── The data ──

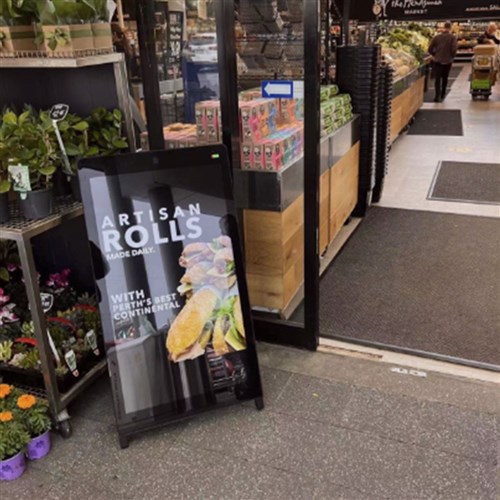 Mitsumaru 43'' Mobile Outdoor IP55 Digital Signage A-Frame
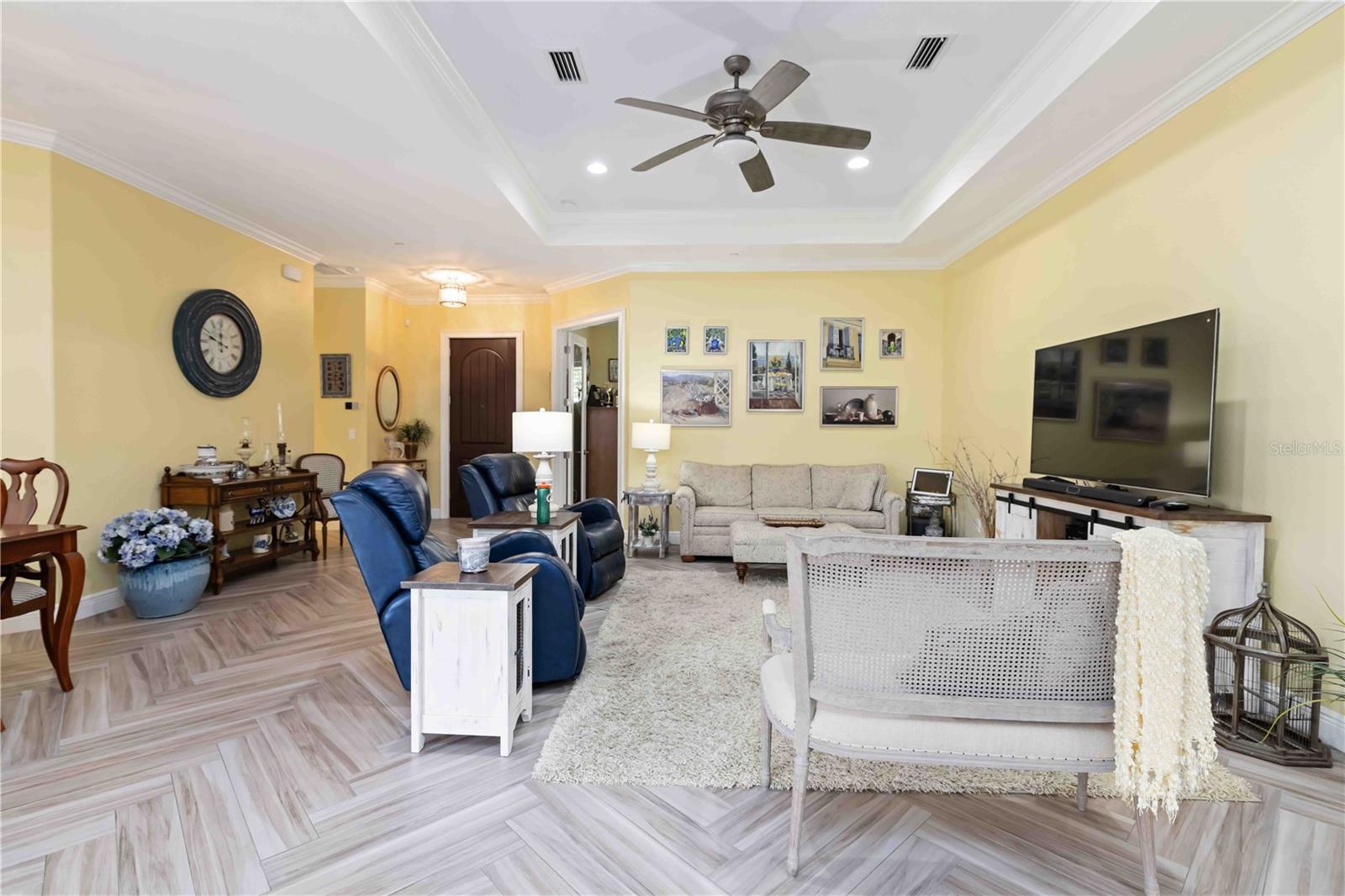 Image 19 of 76 For 146 Tampa Avenue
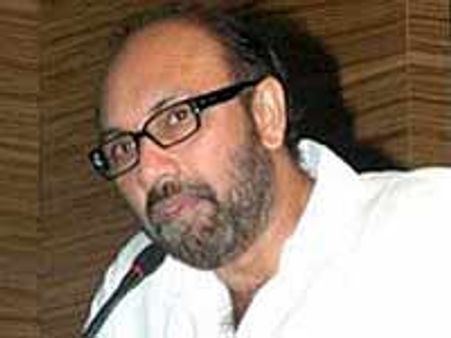 கமல் வழியில் ஒத்திகை பார்ப்போம்! - கிளம்பிட்டார் சத்யராஜ்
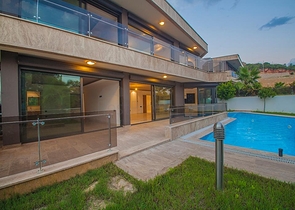 قمة الفخامة - فيلا الاحلام - اطلالة بحر وقلعة - في الانيا 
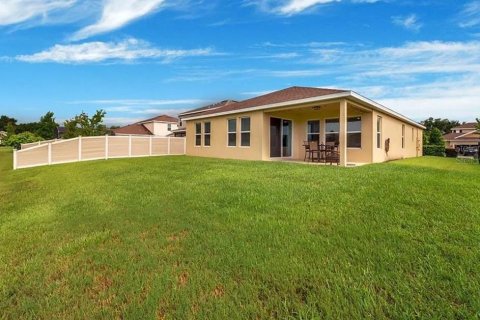 House in Eustis, Florida 4 bedrooms, 195.56 sq.m. № 1684578 - photo 8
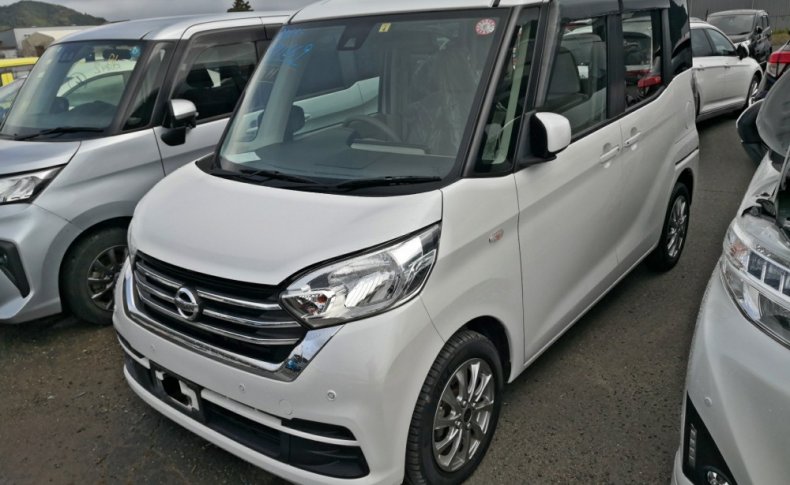 NISSAN DAYZ ROOX X 2019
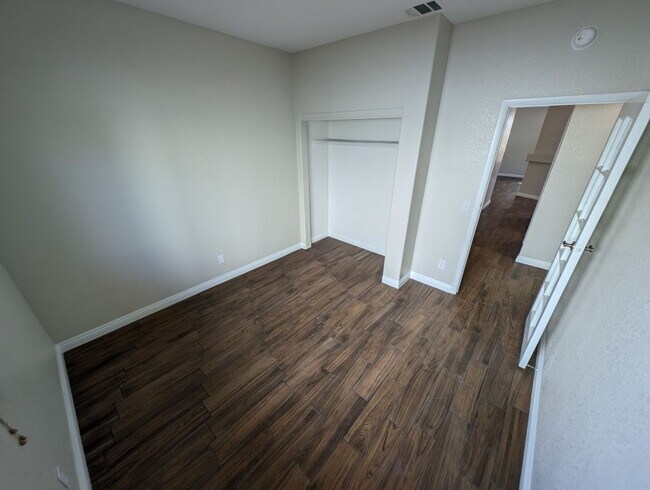 Building Photo - 731 Rising Star Dr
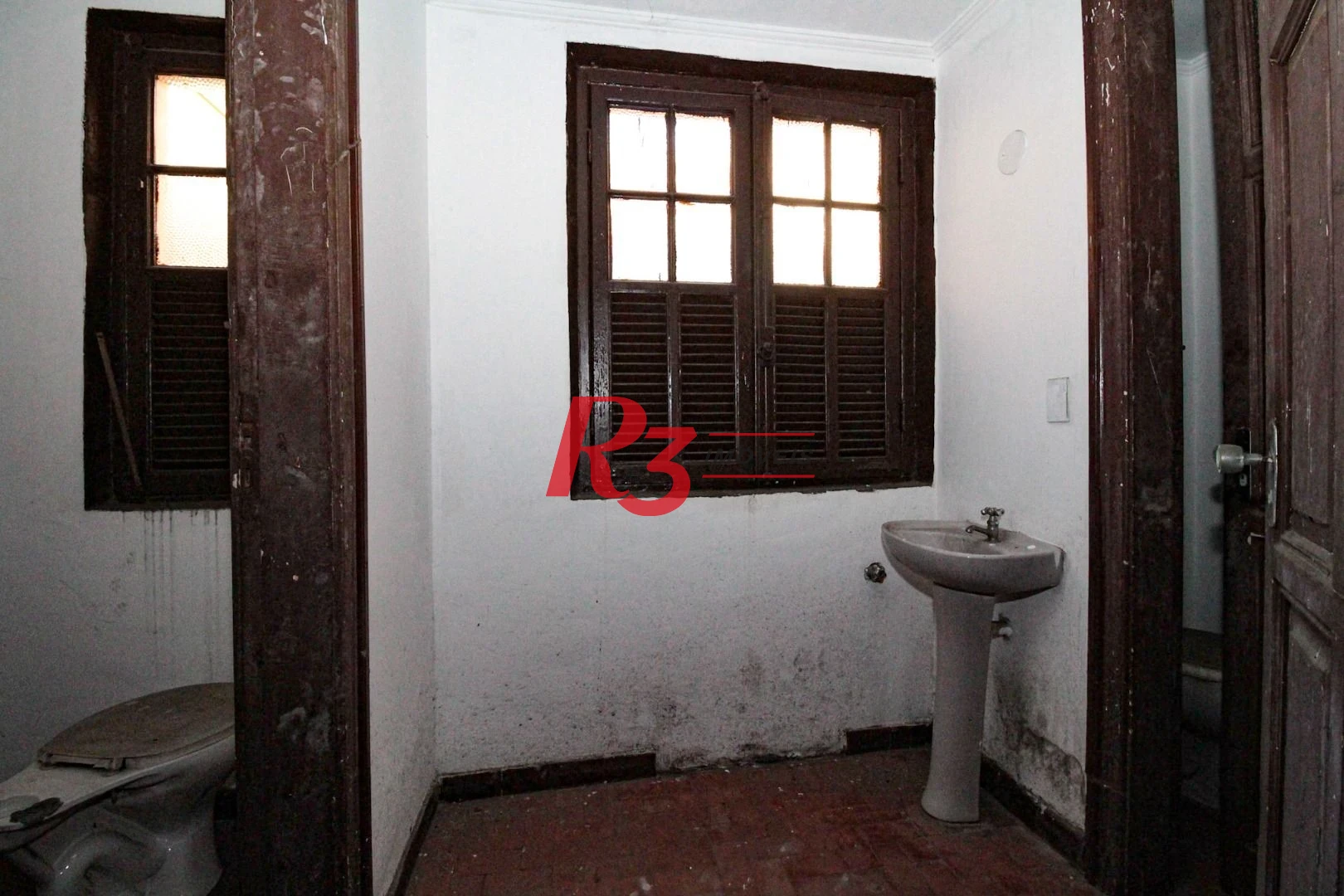 Prédio, 4200 m² - venda por R$ 18.000.000,00 ou aluguel por R$ 150.000,00/mês - Centro - Santos/SP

───

Only the lines from the one with "Building Photo - 731 Rising Star Dr" through the end of the data, both ends included, should be written out exactly, and no pictures should appear.

# Response area
 Building Photo - 731 Rising Star Dr
 Prédio, 4200 m² - venda por R$ 18.000.000,00 ou aluguel por R$ 150.000,00/mês - Centro - Santos/SP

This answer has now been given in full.